*Exercise goal:* Repeat exactly, and only, the lines from the one holding "La Cantera Boutique Hotel Calafate 27/60" through the last line of the records below.
BEGIN Working data
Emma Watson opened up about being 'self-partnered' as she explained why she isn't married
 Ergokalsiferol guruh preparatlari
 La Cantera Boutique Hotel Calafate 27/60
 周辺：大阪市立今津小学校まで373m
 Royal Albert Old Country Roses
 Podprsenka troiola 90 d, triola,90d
END Working data
*Exercise answer:*
 La Cantera Boutique Hotel Calafate 27/60
 周辺：大阪市立今津小学校まで373m
 Royal Albert Old Country Roses
 Podprsenka troiola 90 d, triola,90d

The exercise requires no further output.